SLURM Jobs on Anvil
Most often we reach the need for SLURM jobs when the front-end Anvil computer nodes no longer have enough power to run our code.
In this example, we’ll take a simple Python notebook and translate it into a SLURM job.
We’ll also provide some important points on using SLURM within The Data Mine and with GPUs.
Jupyter Lab to SLURM
The code below allows us to filter the precip.csv
data by a starting letter.
This works great for our small data set, but let’s say we wanted to make this into a SLURM job so that we could run it on much more data over a longer period of time.
import pandas as pd
# Path to the data file in string format
file_to_read = "/anvil/projects/tdm/data/precip/precip.csv"
# Read in the data file as a dataframe
init_data = pd.read_csv(file_to_read)
# Check if each row consists of 'M' in 'place' column in
# the dataframe, returning either False or True
data_mask = init_data['place'].str.contains("M", regex=True)
The first thing we’ll need to do is move this into a Python script.
There’s lots of helpful documentation on writing your first Python script, but the most important parts are the file type and shebang (the line at the top of the Linux script).
The Python script’s file type should be a .py
file. We can create this in our Juypter Lab session.

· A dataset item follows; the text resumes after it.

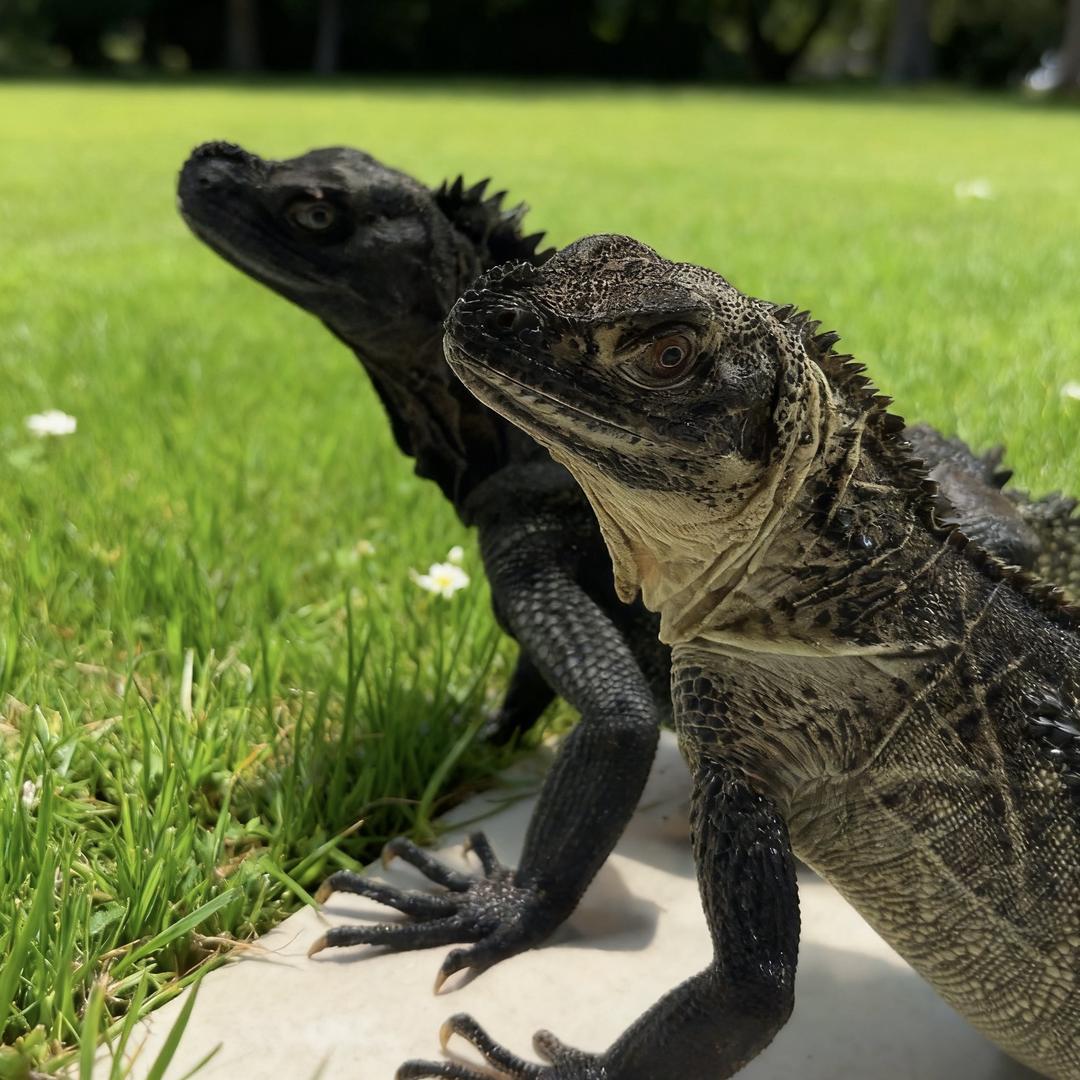 旷野栖息爬宠工作室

The shebang at the top of the file is usually #!/usr/bin/env python3
. This helps the script know which Python to use during execution.
Starting with this information, we’ll create a python_slurm.py
file in the Jupyter Lab session and add the lines below.

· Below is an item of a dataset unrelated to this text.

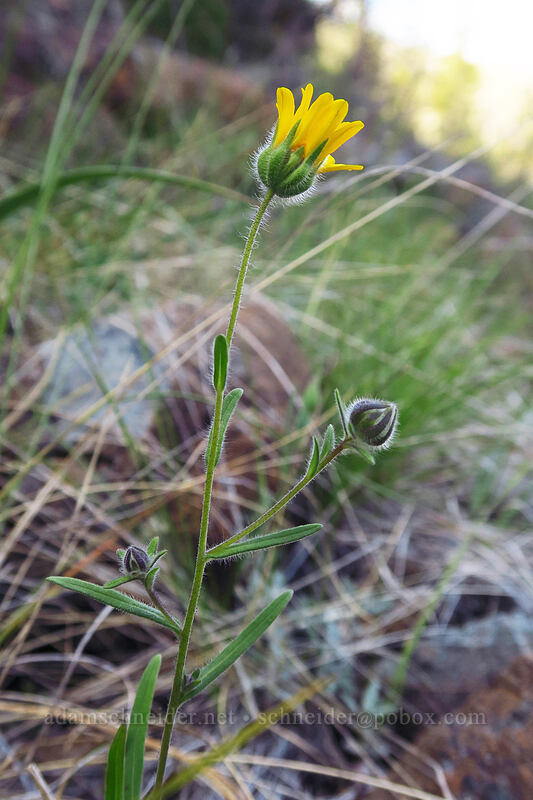 madia (Madia sp.) [Star Flat, Rogue River-Siskiyou National Forest, Josephine County, Oregon]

Important: Be sure to update the last line to use your ID for the output.
#!/usr/bin/env python3
import pandas as pd
file_to_read = "/anvil/projects/tdm/data/precip/precip.csv"
init_data = pd.read_csv(file_to_read)
data_mask = init_data['place'].str.contains("M", regex=True)

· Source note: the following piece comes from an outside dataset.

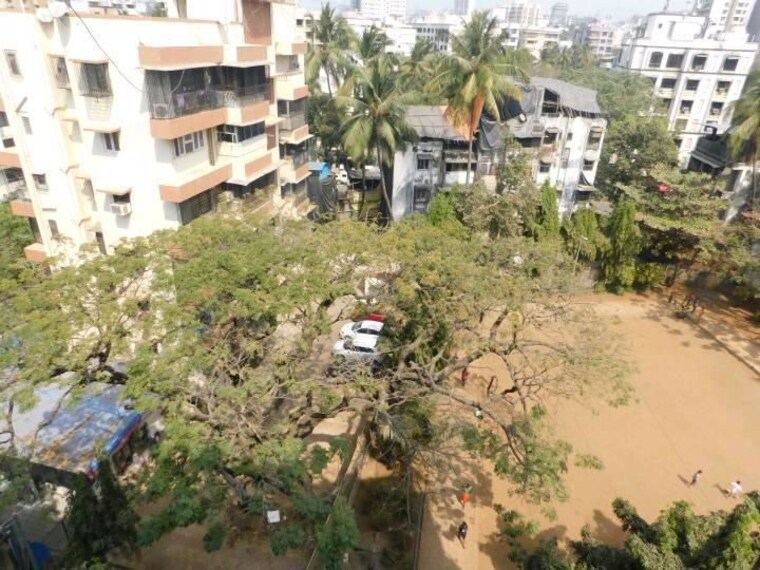 Exterior View, amboli 2 Bedroom 900 Sq.Ft. Apartment In Amboli Mumbai 10348240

# Keep the rows that consist of 'M'
filtered_data = init_data[data_mask]
# Save the data frame as a csv file in your home directory
filtered_data.to_csv("/home/x-dgi804/filter_out.csv")
Awesome! Now that we have that setup, we can create a SLURM submission script.
These are the instructions that SLURM will use to run the job.
Submitting a job to SLURM
SLURM works with job submission scripts to know how to run a file.
Similar to the last step, these are script that we setup, but they use a .sh
file extension.
We can create these files via Jupyter Lab as well and populate them with the lines below.
We’ll name the script file slurm_test.sh
.
When running a job with CPU’s on Anvil be sure to choose the If not, you may accidentally request whole nodes with can use up much more compute. |
Because we often want to use the same Python environment that we use in Jupyter Lab, we can also take steps to use that specific kernel. In this case, you’ll see us add the lines below, but this can be updated to use any kernel object.
|
Important: Be sure to update the lines to correct paths for the output.
#!/bin/bash
# FILENAME: myjobsubmissionfile
#SBATCH -A cis220051
#SBATCH --nodes=1
#SBATCH --ntasks=4
#SBATCH --time=04:00:00
#SBATCH -p shared
#SBATCH -o /home/x-dgi804/SLURM_output/myjob.out
#SBATCH -e /home/x-dgi804/SLURM_output/myjob.out
#SBATCH -J david_slurm_example
module use /anvil/projects/tdm/opt/core
module load tdm
module load python/f2022-s2023
python3 python_slurm.py
Great! Now we should have everything ready to run our first SLURM job.
The last thing we need to do is submit it.
Submitting a SLURM job
The best reference for this process is the RCAC knowledge base.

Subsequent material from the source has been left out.